Showing posts with label xml. Show all posts
Showing posts with label xml. Show all posts

Thursday, December 10, 2009

XML transformations 2

This topic is a continuation of XML Transformations. The previous topic showed a method of creating transformation rules then combining the rules to create a transformation that could be applied to an XML datastructure.

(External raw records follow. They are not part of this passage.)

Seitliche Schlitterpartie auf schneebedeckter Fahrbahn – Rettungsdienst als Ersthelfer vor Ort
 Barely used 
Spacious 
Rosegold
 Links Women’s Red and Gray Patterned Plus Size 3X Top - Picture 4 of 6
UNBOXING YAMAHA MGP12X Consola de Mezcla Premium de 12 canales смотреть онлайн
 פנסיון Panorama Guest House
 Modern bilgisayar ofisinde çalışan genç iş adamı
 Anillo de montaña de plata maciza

This topic takes a different approach of
using a match statement an a recursive method to iterate through the tree.
  1. scala> val xml = <library>
  2.      | <videos>
  3.      | <video type="dvd">Seven</video>
  4.      | <video type="blue-ray">The fifth element</video>
  5.      | <video type="hardcover">Gardens of the moon</video>
  6.      | </videos>
  7.      | <books>
  8.      | <book type="softcover">Memories of Ice</book>
  9.      | </books>
  10.      | </library>
  11. xml: scala.xml.Elem = 
  12. <library>
  13.        <videos>
  14.        <video type="dvd">Seven</video>
  15.        <video type="blue-ray">The fifth element</video>
  16.        <video type="hardcover">Gardens of the moon</video>
  17.        </videos>
  18.        <books>
  19.        <book type="softcover">Memories of Ice</book>
  20.        </books>
  21.        </library>
  22. scala> import scala.xml._
  23. import scala.xml._
  24. scala> def moveElements (node:Node) : Node = node match {
  25.      | case n:Elem if (n.label == "videos") => 
  26.      |   n.copy( child = n.child diff mislabelledBooks)
  27.      | case n:Elem if (n.label == "books") =>
  28.      |   val newBooks = mislabelledBooks map { e => e.asInstanceOf[Elem].copy(label="book") }
  29.      |   n.copy( child = n.child ++ newBooks)
  30.      | case n:Elem => 
  31.      |   val children = n.child map {moveElements _}
  32.      |   n.copy(child = children)
  33.      | case n => n
  34.      | }
  35. moveElements: (node: scala.xml.Node)scala.xml.Node
  36. scala> moveElements(xml)
  37. res1: scala.xml.Node = 
  38. <library>
  39.               <videos>
  40.               <video type="dvd">Seven</video>
  41.               <video type="blue-ray">The fifth element</video>
  42.               
  43.               </videos>
  44.               <books>
  45.               <book type="softcover">Memories of Ice</book>
  46.               <book type="hardcover">Gardens of the moon</book></books>
  47.               </library>

Xml Transformation 1

Unlike most Java Xml Apis the Scala Object model consists of immutable object. This has two major consequences:
  • There is no reference to the parent node because that would cause the XML to be very expensive during transformations
  • Transforming the XML requires creating new nodes rather than changing the existing nodes

Both point cause non-functional programmers to feel a little uneasy but in practice only the first restriction causes any real discomfort.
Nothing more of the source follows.